In 1940, with World War II raging on in Europe and Asia, it seemed likely that the United States might soon be at war again. The Infantry Board resurrected the quest to find a better type of helmet, since the ongoing conflict had shown that the M1917, designed to protect men standing in trenches from falling shell splinters and shrapnel, would be inadequate on the modern battlefield. The board reported:

Research indicates that the ideal shaped helmet is one with a dome-shaped top and generally following the contour of the head, allowing sufficient uniform headspace for indentations, extending down in the front to cover the forehead without impairing necessary vision, extending down on the sides as far as possible without interfering with the use of the rifle or other weapons, extending down the back of the head as far as possible without permitting the back of the neck to push the helmet forward on the head when the wearer assumes the prone position, to have the frontal plate visor and to have the sides and rear slightly flanged outward to cause rain to clear the collar opening.

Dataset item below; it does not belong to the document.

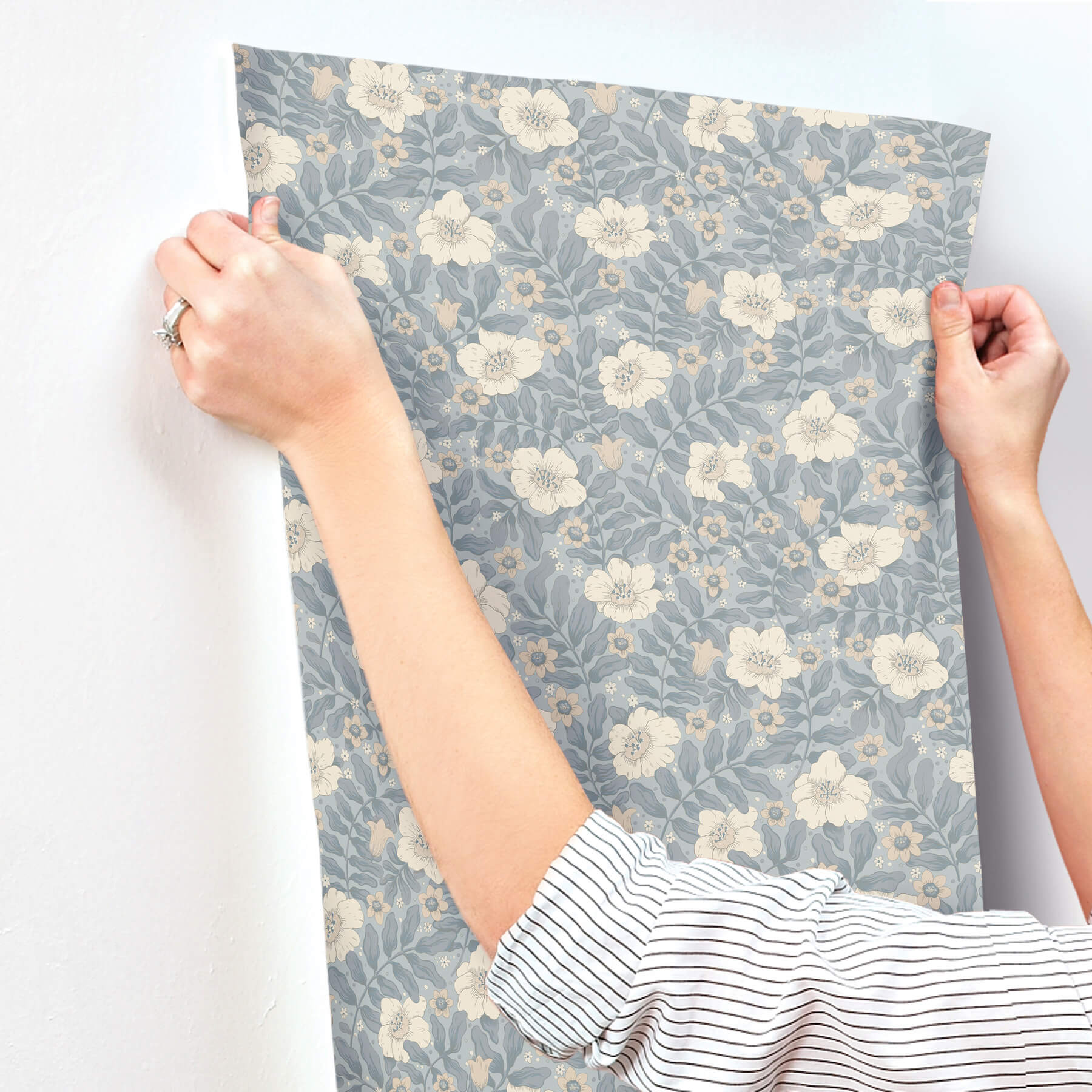 maggan-blue-floral-trail-wallpaper-york-wallcoverings-4201-48023 - York Wallcoverings Papel pintado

Accordingly, the board, under the direction of Brigadier General Courtney Hodges, took the M1917 shell as the basis of the new prototype, trimmed off the brim and added a visor and skirt-like extensions to protect the back and sides of the wearer's head. Rejecting the conventional systems of cradles, the new helmet was given a Riddell type liner and suspension system, based on the contemporary style of football helmet, with an adjustable strap for the nape of the neck to prevent the helmet from rocking. The resulting prototype was designated the TS-3, and the McCord Radiator Company manufactured the first examples from Hadfield steel. In tests, they were found to be able to resist a .45 ACP pistol bullet fired at point-blank range, exceeding the initial specification. The TS-3 was given official approval on June 6, 1941 and was designated "Helmet, Steel, M1". Full scale production commenced almost immediately.